§ What is being asked
Locate the line that contains "ROYAL DENTA dantų". Retype it and every line after it to the end of the records, exactly, but not the pictures.

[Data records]
————

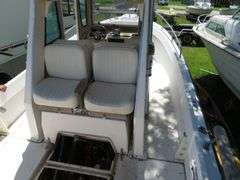 1990  SHAMROCK  PILOT HOUSE, Inboard gasoline engine, boat in very good condition, look at all photos, Hull ID - SHA02775J990, with galvanized boat trailer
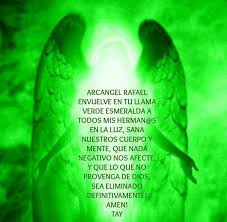 Raphael, in the bible, one of the archangels. Arcangel Rafael Angel Archangel Raphael Archangels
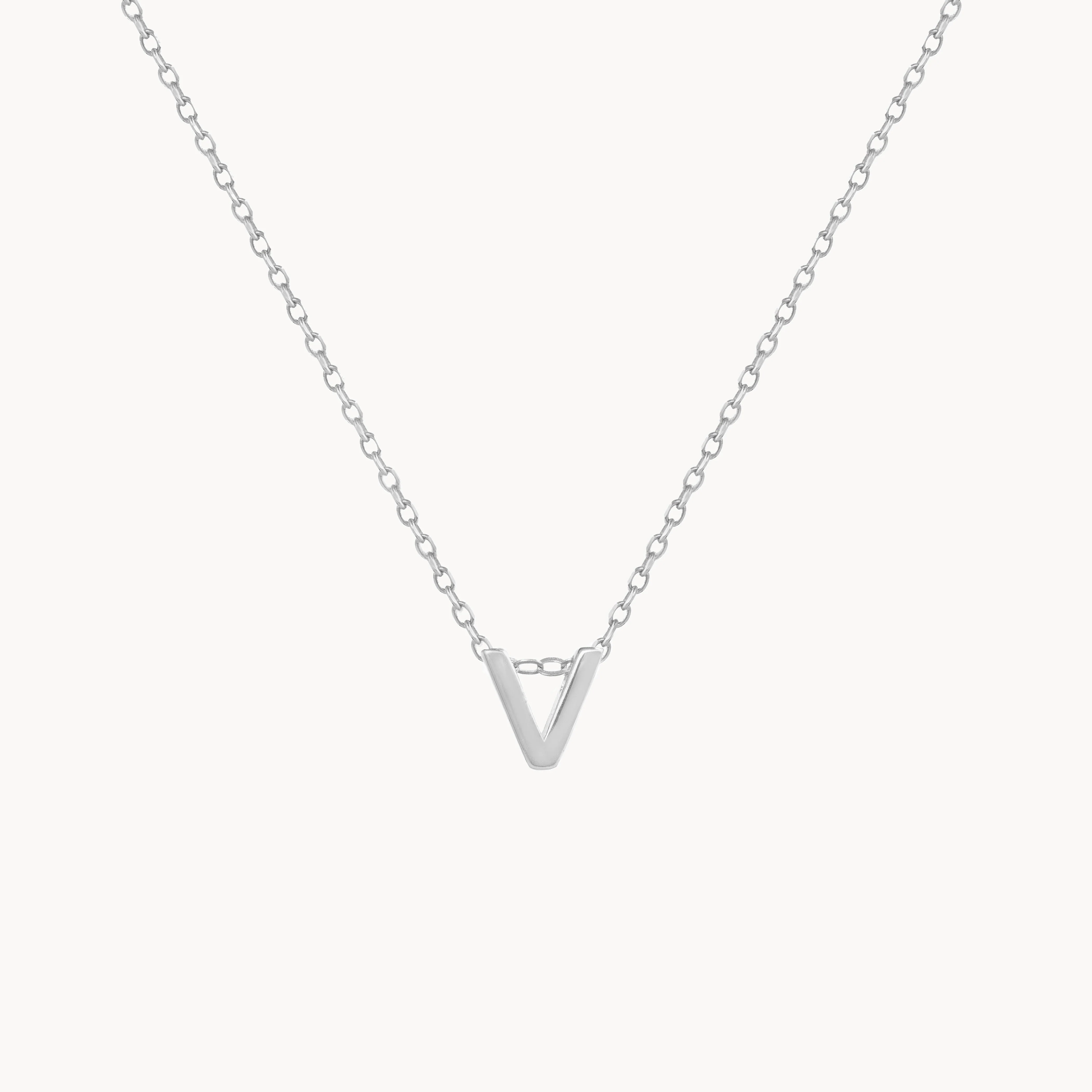 V - Alphabet Necklace - Image 4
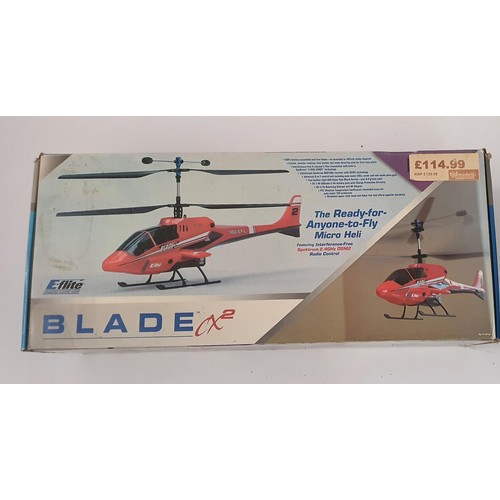 136 - Boxed RC Helicopter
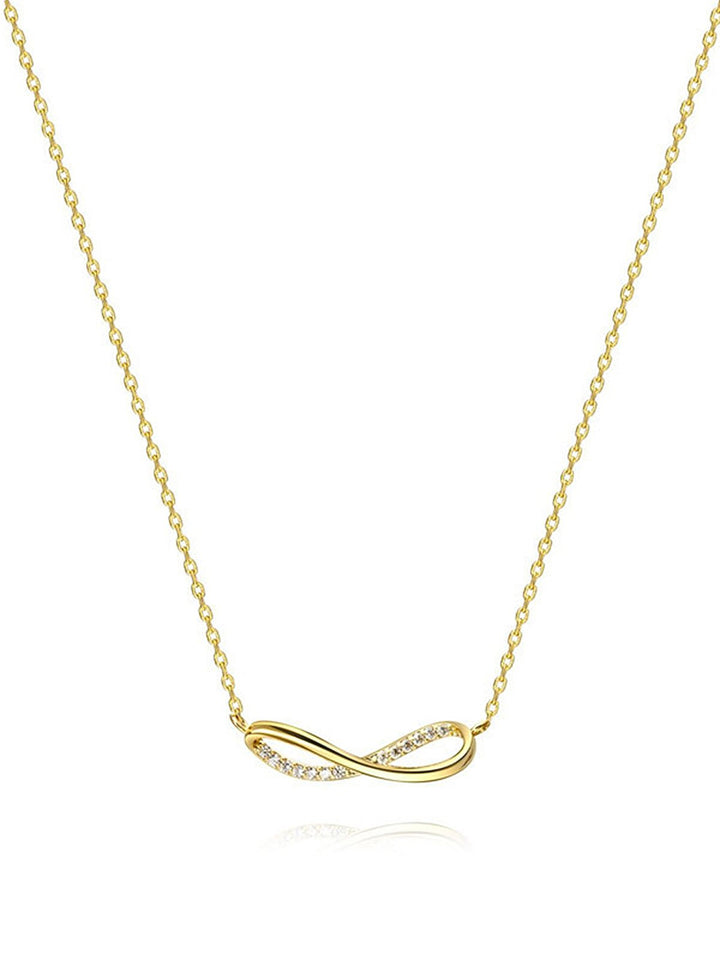 Möbius Strip Clavicle Necklace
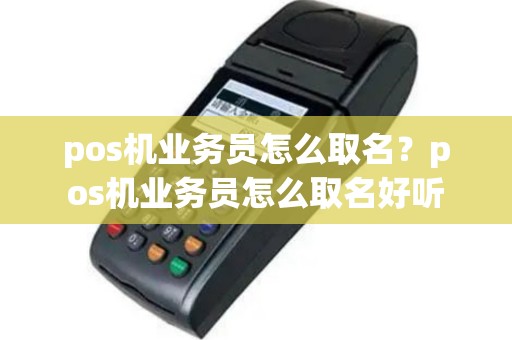 pos机业务员怎么取名？pos机业务员怎么取名好听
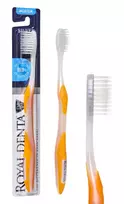 ROYAL DENTA dantų šepetukas SILVER MEDIUM, 1vnt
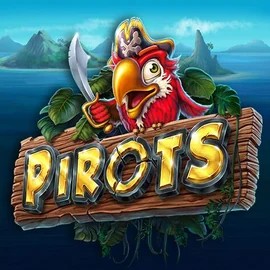 Pirots logo by ELK Studios at VipLuck CasinoPirots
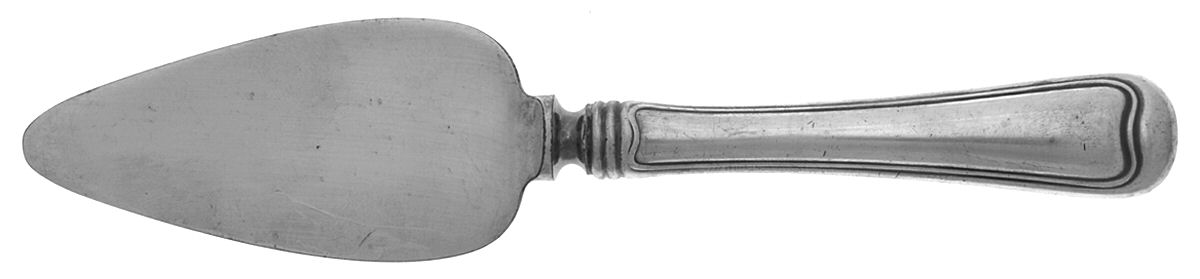 Old French (Sterling, 1905) Cheese Server with Silverplate Blade by Gorham Silver-1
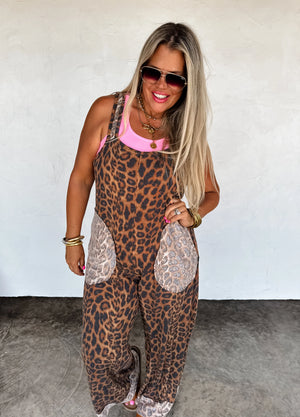 Chloe Cheetah Jumper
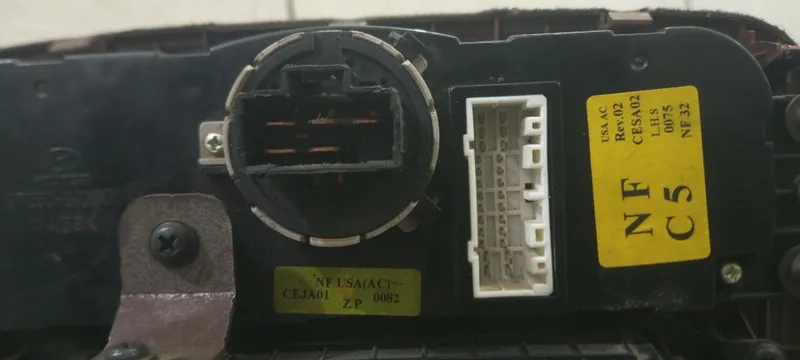 Панель Климат контроля с Хундай соната 6 NF 2008 г — фото 2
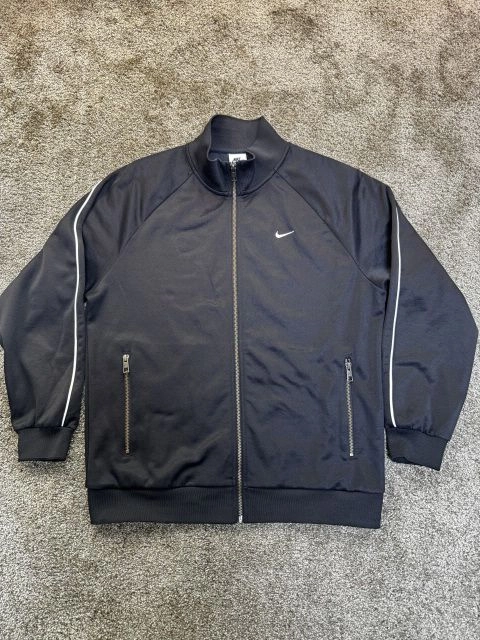[M(100)/S(29~31] NIKEXSSENSE Black Authentics Track Jacket, Pant 이미지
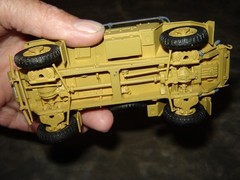 Built German Armored Vehicle 5-1/2 inches long Well Built & Painted Ex Cond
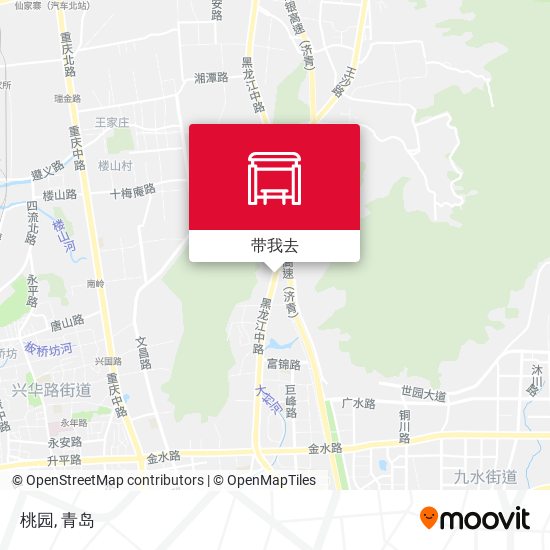 桃园地图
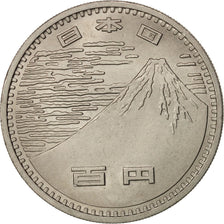 Japan, Hirohito, 100 Yen, 1970, AU(55-58), Copper-nickel, KM:83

————

§ Output for this task
 ROYAL DENTA dantų šepetukas SILVER MEDIUM, 1vnt
 Pirots logo by ELK Studios at VipLuck CasinoPirots
 Old French (Sterling, 1905) Cheese Server with Silverplate Blade by Gorham Silver-1
 Chloe Cheetah Jumper
 Панель Климат контроля с Хундай соната 6 NF 2008 г — фото 2
[M(100)/S(29~31] NIKEXSSENSE Black Authentics Track Jacket, Pant 이미지
 Built German Armored Vehicle 5-1/2 inches long Well Built & Painted Ex Cond
 桃园地图
 Japan, Hirohito, 100 Yen, 1970, AU(55-58), Copper-nickel, KM:83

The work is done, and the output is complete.